§ What you are asked to do
In the copy, include every entry exactly but none of its images.

§ Data for the task
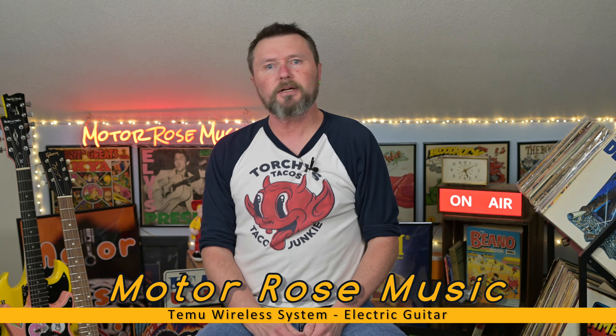Good day and welcome to Motorose Music. I am Jeff Thiel, the host of the channel here.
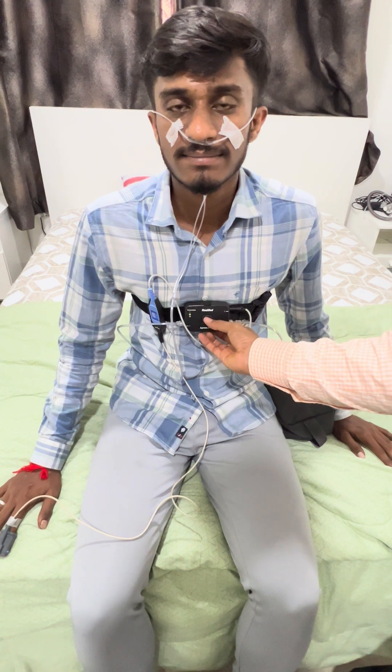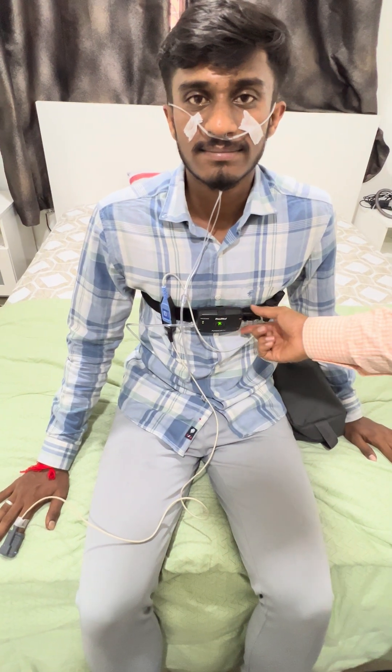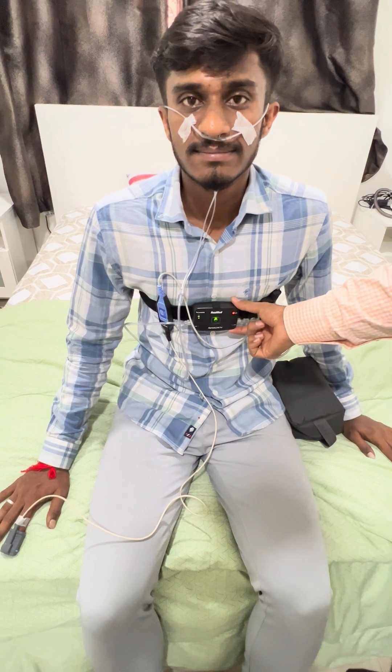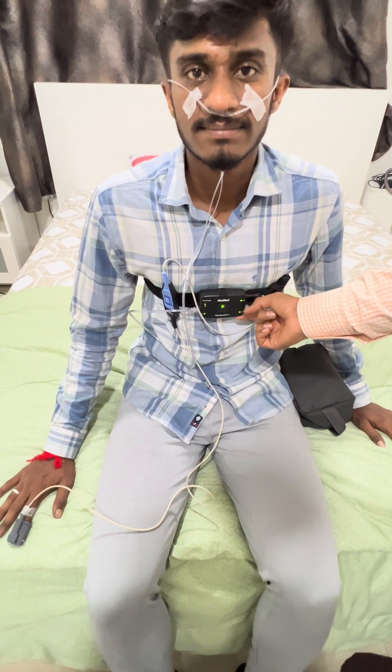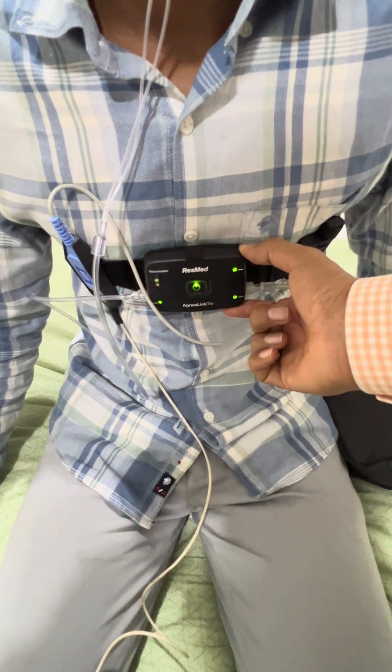After connecting all these things, press and hold the switch-on button. Once you click it, the green light will come on and all sensors will start with a red blinking light, then slowly the green lights will appear. When green lights are showing on all three points, that means recording has started.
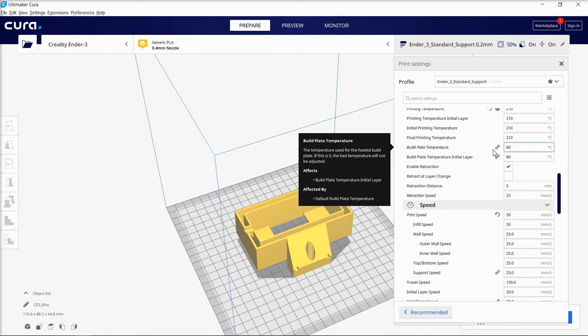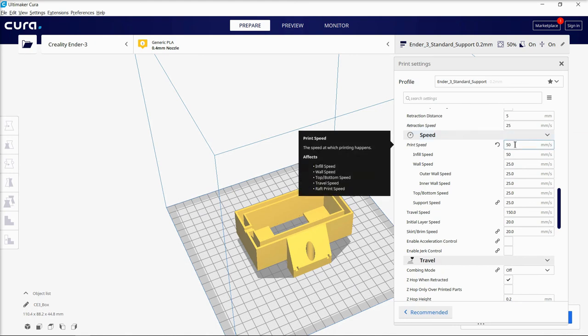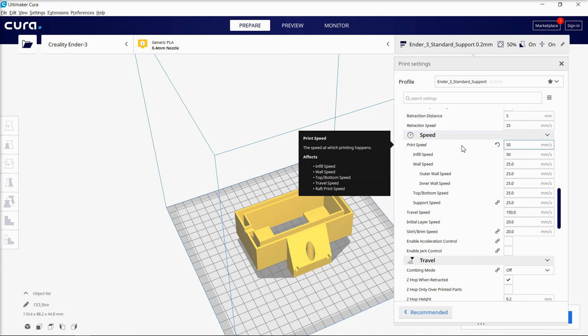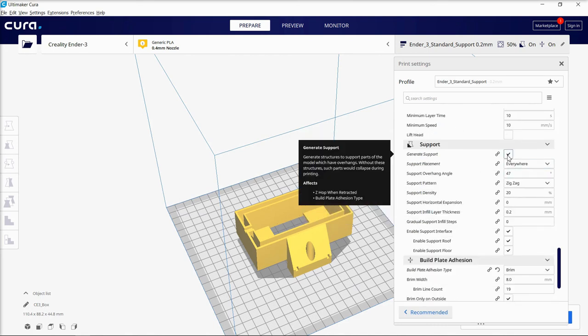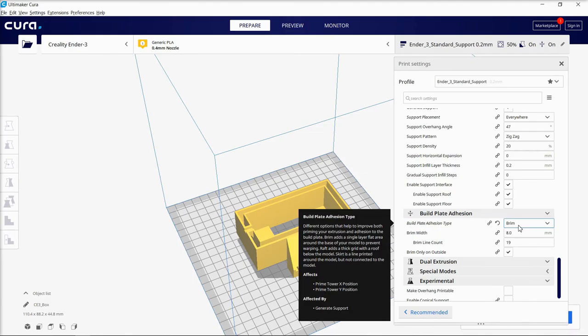The build plate temperature I generally use is 60, which makes it stick really well. If you can't get your prints off the bed, you can put a little water on the glass print bed and use your finger to spread it around the edges — the water will help suck the printed part off the plate. Print speed I generally use is 50 millimeters per second with the Ender 3 and 70 millimeters per second with the Ultimaker. For support I use support everywhere with an overhang angle of 47, and I print with a brim to help plate adherence, though you don't necessarily need that.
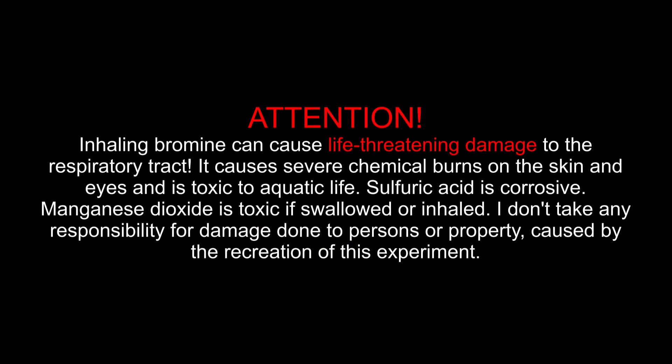Inhaling bromine can cause life-threatening damage to the respiratory tract. It causes severe chemical burns on the skin and eyes and is toxic to aquatic life. Sulfuric acid is corrosive. Manganese dioxide is toxic if swallowed or inhaled.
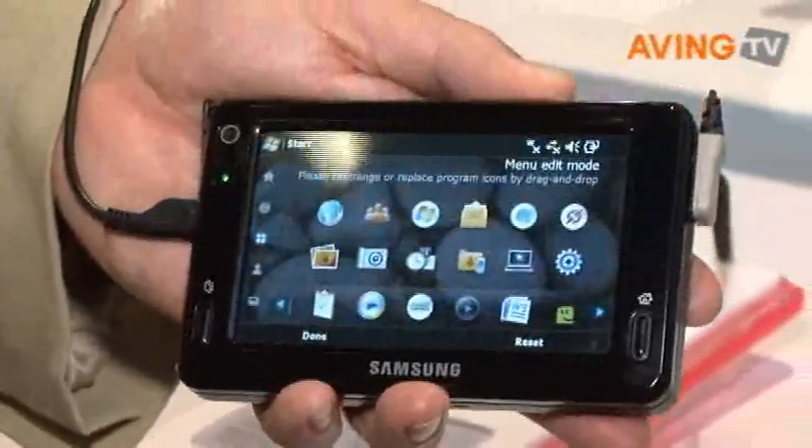And that's the Mondi — a mobile internet device running on the Clearwire network.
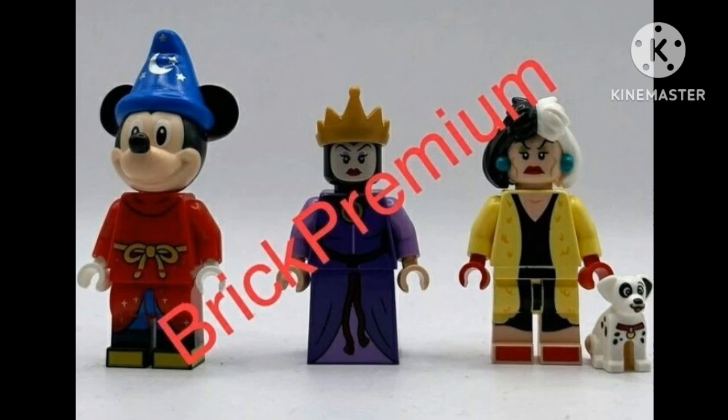And finally we have Cruella de Vil from 101 Dalmatians. We got a little Dalmatian — they took a LEGO Chihuahua piece and turned it into a Dalmatian. Really love that. Love the black and white hair, and the pearl jewels, and the face and the color and everything.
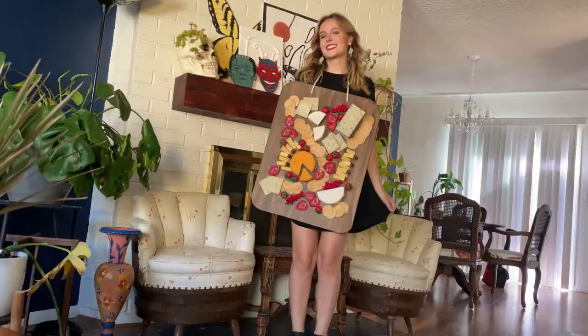Hi there, my name is Emma and I am an artist and DIYer. Welcome to my YouTube channel. This is my debut video, my first video ever on this channel. I'm so excited to start to share more of my artistic process, my DIYs, my renovations, everything that I'm doing on here. And let's just get right into the video.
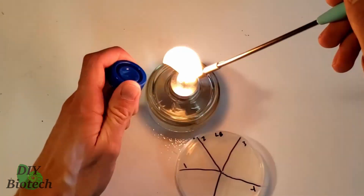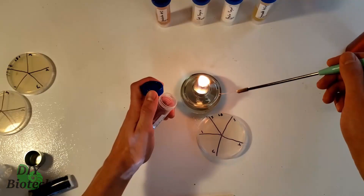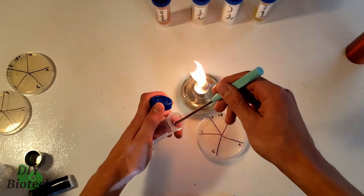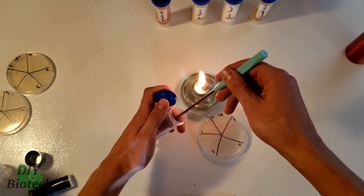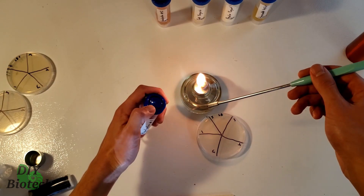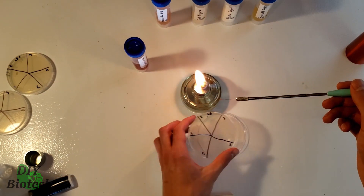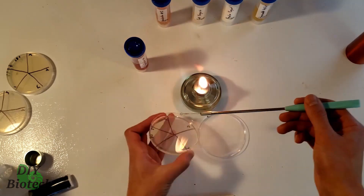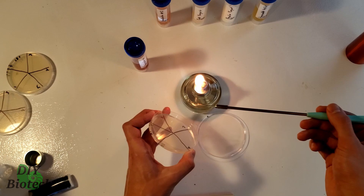Hey everyone, welcome back to DIY Biotech. First, before we actually make this bread, we need to get the yeast from the water kefir. To do this, I used an inoculation loop into my home-brew water kefir and streaked it out onto a petri dish. If you want to learn more details about how I poured the petri dishes and how I isolate organisms from fermented foods, you can go back and watch the 'Bioengineer Makes Kombucha' series. I'll briefly go over the process of isolating this yeast from kefir.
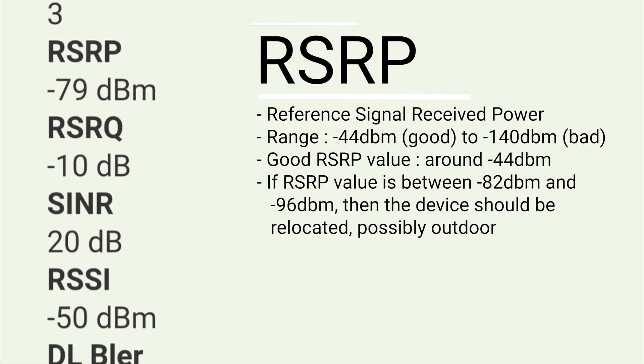How much signal is received by the device is indicated by RSRP. The range for RSRP is from negative 44 dBm to negative 140 dBm. dBm means decibels milliwatts. The ideal or good RSRP value is around negative 44 dBm. Some experts say that the value of RSRP should not go below negative 58 dBm. My device is receiving negative 80 to 83 dBm RSRP. Experts say that if the RSRP is between negative 82 dBm and negative 96 dBm, then the device should possibly be relocated.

§ Answer box
Good day and welcome to Motorose Music. I am Jeff Thiel, the host of the channel here.
After connecting all these things, press and hold the switch-on button. Once you click it, the green light will come on and all sensors will start with a red blinking light, then slowly the green lights will appear. When green lights are showing on all three points, that means recording has started.
The build plate temperature I generally use is 60, which makes it stick really well. If you can't get your prints off the bed, you can put a little water on the glass print bed and use your finger to spread it around the edges — the water will help suck the printed part off the plate. Print speed I generally use is 50 millimeters per second with the Ender 3 and 70 millimeters per second with the Ultimaker. For support I use support everywhere with an overhang angle of 47, and I print with a brim to help plate adherence, though you don't necessarily need that.
Inhaling bromine can cause life-threatening damage to the respiratory tract. It causes severe chemical burns on the skin and eyes and is toxic to aquatic life. Sulfuric acid is corrosive. Manganese dioxide is toxic if swallowed or inhaled.
And that's the Mondi — a mobile internet device running on the Clearwire network.
And finally we have Cruella de Vil from 101 Dalmatians. We got a little Dalmatian — they took a LEGO Chihuahua piece and turned it into a Dalmatian. Really love that. Love the black and white hair, and the pearl jewels, and the face and the color and everything.
Hi there, my name is Emma and I am an artist and DIYer. Welcome to my YouTube channel. This is my debut video, my first video ever on this channel. I'm so excited to start to share more of my artistic process, my DIYs, my renovations, everything that I'm doing on here. And let's just get right into the video.
Hey everyone, welcome back to DIY Biotech. First, before we actually make this bread, we need to get the yeast from the water kefir. To do this, I used an inoculation loop into my home-brew water kefir and streaked it out onto a petri dish. If you want to learn more details about how I poured the petri dishes and how I isolate organisms from fermented foods, you can go back and watch the 'Bioengineer Makes Kombucha' series. I'll briefly go over the process of isolating this yeast from kefir.
How much signal is received by the device is indicated by RSRP. The range for RSRP is from negative 44 dBm to negative 140 dBm. dBm means decibels milliwatts. The ideal or good RSRP value is around negative 44 dBm. Some experts say that the value of RSRP should not go below negative 58 dBm. My device is receiving negative 80 to 83 dBm RSRP. Experts say that if the RSRP is between negative 82 dBm and negative 96 dBm, then the device should possibly be relocated.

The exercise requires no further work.